I went back to Brazil to visit friends and family. Three different people said I was taller. Which was probably a result of my better posture. I was getting stronger without recognizing. The issues I left on hold when I started swimming were also changing, while I was distracted thinking about how to achieve a high elbow catch. I felt once again capable of things. Can you believe some people attach a parachute to themselves so they can swim harder?
A friend of mine granted me access to a sports club. A benefit of being a tourist in your own hometown. From all possible pools, I chose the indoors. It was mostly empty until a kids class started. But I could keep my lane. They had a routine written on a board and the coach tried to keep them motivated. I must admit, mentally competing against eight-year-olds is refreshing. Those kids had no chance against a thirty-year-old on a seven day streak of insobriety.
Once I came back, I bought myself paddles and fins. I would do a few laps with either one or the other. They feel like magnifying glasses on parts of your body. Once you use paddles, you get a better sense of having to catch water ahead of you and pull it behind you in a straight line. Fins helped my ankle mobility and to better synchronize kicks and arm strokes. Still, they often triggered calf cramps, a recurring issue in my practice.
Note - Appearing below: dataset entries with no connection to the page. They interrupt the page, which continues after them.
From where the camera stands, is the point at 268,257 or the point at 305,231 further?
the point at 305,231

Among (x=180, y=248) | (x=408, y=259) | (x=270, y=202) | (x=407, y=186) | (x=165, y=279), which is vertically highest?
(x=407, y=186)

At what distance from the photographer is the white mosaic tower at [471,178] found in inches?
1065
But they made swimming smoother over time.
Winter came, and I was getting lost in other muscles. My swimming routine eventually reached once a week at best. I had sugar spikes in my bloodstream, and it was time to flourish, sing along, fly away, whatever.. My excitement was painted on every dinner table. But unlike water, most things tend to sink when frozen. Although spring came, things were getting colder.
If you heat up a gas until it breaks into a more fragmented version of itself, it starts conducting electricity. As if all we’re going to do for eternity is sit around fire. It was time to go swimming more often. Now better acquainted with all the rituals. Why do you think fish keep thrashing around when caught? Because they are very stupid. If they pretended to be dead, they could wait for the best moment to escape. Or else they need sharp teeth to scare those who want to touch them.
Some people say swimming can be similar to meditation. Maybe because of breathing in a pattern. And, yes, sometimes you can really just focus on moving. But my swimming sessions aren’t all peaceful. They are more like a slaughterhouse of emotions. There are Bad Brains days when I sprint and channel violence through. But it can be smooth and easy. I thought about writing ambient music for swimming already in the first summer. I think Carlos Niño said he likes swimming in open water.
There is an age when you start searching for a sense of secularity. But we break ourselves along the way, so that we can talk about something else in the evening. Driving from the backseat until the wheels turn suddenly. It makes you miss falling out of trees. Some have compared swimming with dancing, so that you understand you must find a rhythm. Yes, there is some truth to that. They share the strange coexistence of tense and relaxed.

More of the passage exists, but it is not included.